Apologies for the delay - adding some info for reference:
Controller: joint_trajectory_controller, not scaled_joint_trajectory_controller
OS: Ubuntu 20.04.5 LTS (Docker Container)
Universal Robots Software: URSoftware 5.11.0.108249
Universal Robots ROS2 Driver: d8acc7a and built from source
Moveit Version: 2.3.4.1
ROS Control Dependency Versions:
ros-galactic-control-msgs/focal,now 3.0.0-2focal.20220729.135512 amd64 [installed]
ros-galactic-controller-interface/focal,now 1.6.0-1focal.20220803.125919 amd64 [installed]
ros-galactic-controller-manager-msgs/focal,now 1.6.0-1focal.20220803.124803 amd64 [installed]
ros-galactic-controller-manager/focal,now 1.6.0-1focal.20220803.131306 amd64 [installed]
ros-galactic-joint-trajectory-controller/focal,now 1.4.0-1focal.20220803.131802 amd64 [installed]
ros-galactic-hardware-interface/focal,now 1.6.0-1focal.20220803.125502 amd64 [installed]
@shonigmann Does the configuration shown in RViz also change to the correct one as soon as the robot is booted (before the breaks are released)?
From memory, no, RViz did not show the correct configuration - the joint states were still being published as 0's. But I will try to find time to reproduce to give a more certain response.
We'll try to find some time to setup a minimum reproduceable example, though we've paused our work with the UR5 for now and may not be able to dedicate time to this in the near future.
Any reason you are using the joint_trajectory_controller, not scaled_joint_trajectory_controller? I highly recommend using the scaled version. See the explanation here.

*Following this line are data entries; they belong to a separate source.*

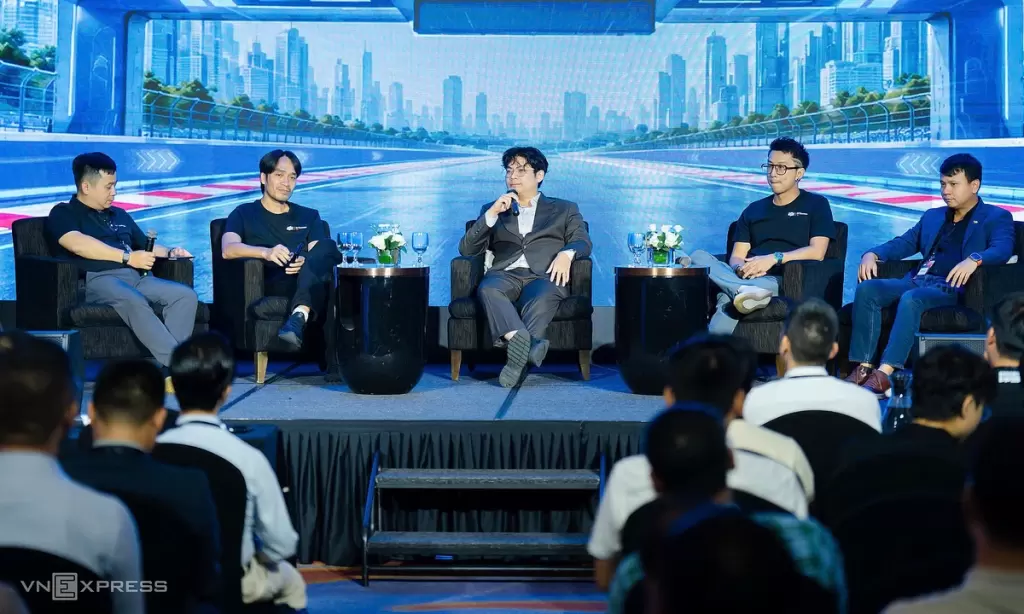 FPT Transform 2026在河内讨论AI如何重新分配企业用工 · 报道配图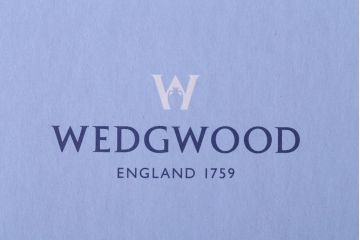 アンティーク雑貨　中古 イギリス Wedgwood(ウェッジウッド) ジャスパー 2000年イヤープレート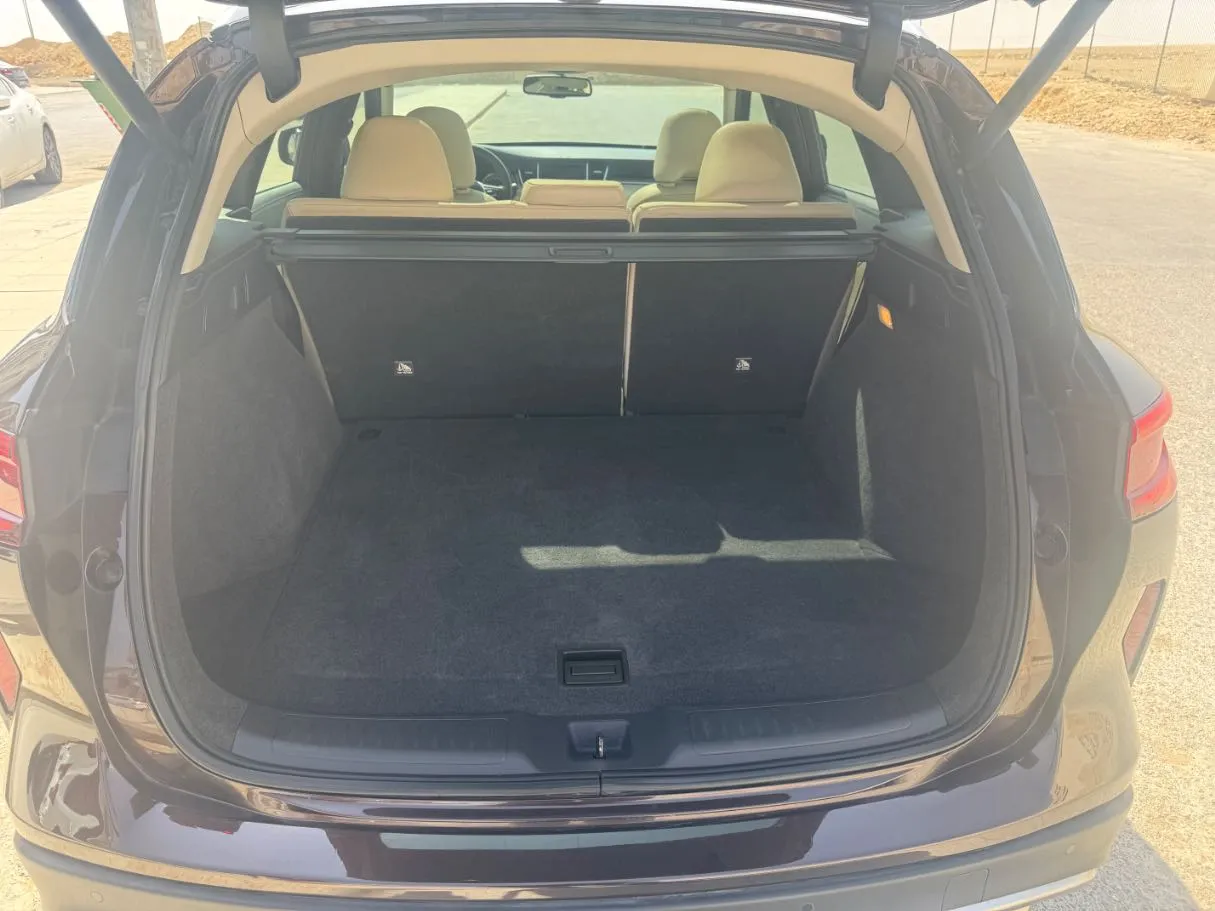 Car image 20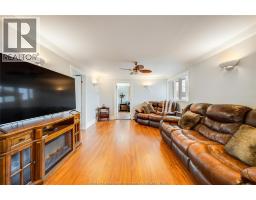 Enclosed porch - 1328 Shoreline Avenue, Lakeshore, ON N0R1A0 Photo 7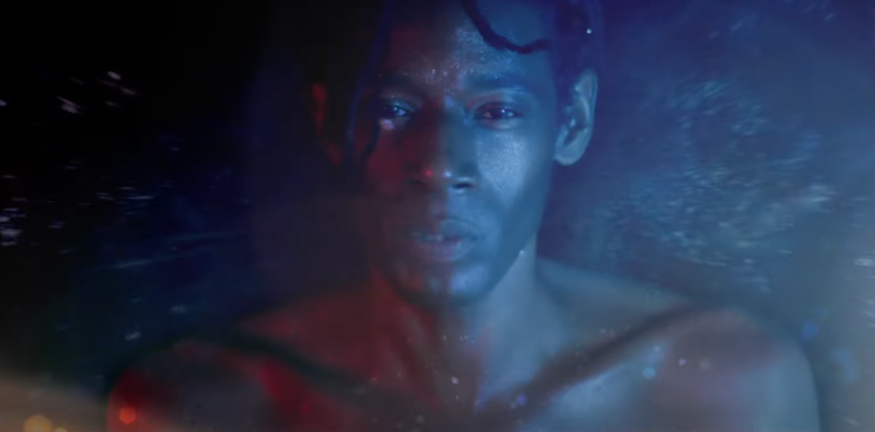 Julien Voulzy révèle son nouveau single «Ainsi» !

Still, this initialization problem should not happen, but I haven't been able to reproduce this, so far.
We are currently adding a failsafe mechanism in https://github.com/UniversalRobots/Universal_Robots_Client_Library/pull/184. From a ROS perspective this approach seems not to be satisfying, but in the end it is a safety mechanism which should never trigger if everything works correctly.
Thanks for the update @fmauch. I was chatting with @urrsk and he told me there maybe a corresponding fix to ros2_control as well. Could you please share that? Appreciate your help.
The corresponding work in ros2_control was started in https://github.com/ros-controls/ros2_control/pull/884
There are still a couple of pieces missing in order to finally implement that we can specify whether command interfaces should be available in INACTIVE state. With this, we can set the hardware component to INACTIVE when the reverse interface is not connected. This way, the controller will be automatically stopped when the reverse interface disconnects. That means that the driver's command buffer will be reset with the latest value from the state interfaces when the reverse interface re-connects.
We've introduced a limit check in the client library that will avoid sudden motions on a much lower level. Hence closing this.